From: Marco Cimarosti (marco.cimarosti@europe.com)
Date: Mon Nov 13 2000 - 07:35:25 EST


Antoine Leca wrote:
> My understanding is that there are a number of similar cases,
> which are not
> officially prohibited (AFAIK), but does not carry any sense.
> For example, how about digits followed by accents (as
> combining marks)?
> Or the kana voicing/voiceless combining marks, when they
> follow anything other than hiragana or katakana?

I think that the original idea behind having combining marks in Unicode was
that *any* combination of base + diacritic should be permitted, and be
handled decently by rendering engines.

The reason for this is that there are thousands of languages in the world,
and their orthographies may require an uncommon usage of diacritics. E.g.,
talking about katakana, I think that the orthography of the Ainu language
requires some combinations of syllable + voiced sign (or was it syllable +
semivoiced sign) that do not exist in Japanese.
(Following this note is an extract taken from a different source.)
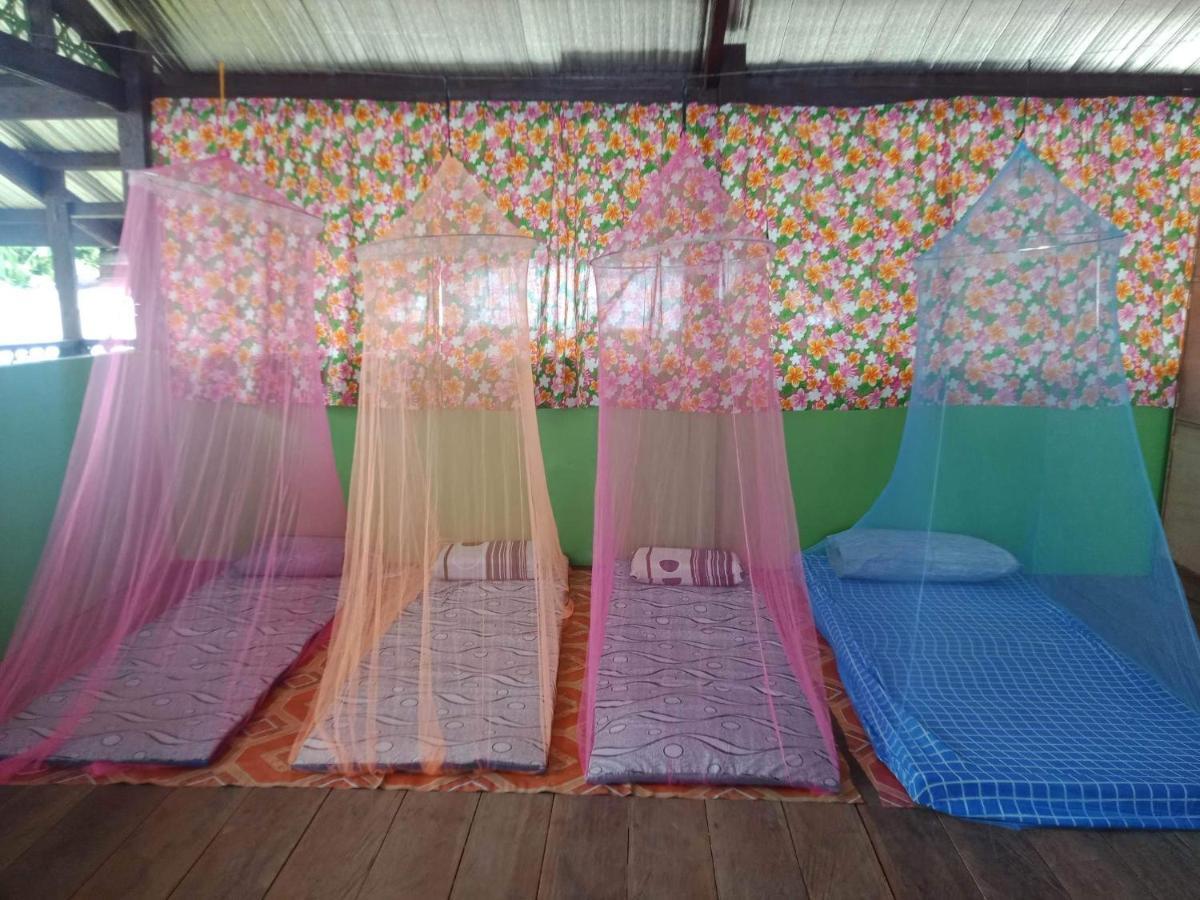 Roca'S Homestay Backpackers Chalet Batuan Екстер'єр фото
If font designers and d. engines implementers insist in the idea that an
"accented letter" may be rendered only if an ad-hoc glyph has been
anticipated in the font, many minority languages will never have a chance of
being supported at a reasonable cost.

This is not to say that fonts should *not* have precomposed glyphs.
Precomposed glyphs are useful in *some* cases, for providing a *better*,
*nicest*, rendering for *some* troublesome combinations.

Less common combinations, used in less known languages, may get along with a
less-than-perfect rendering -- but *no* rendering at all is not acceptable,
IMHO!

Sorry for stating the obvious, but I see that actual implementation often
have an attitude towards precomposed glyphs that I don't see a reason for.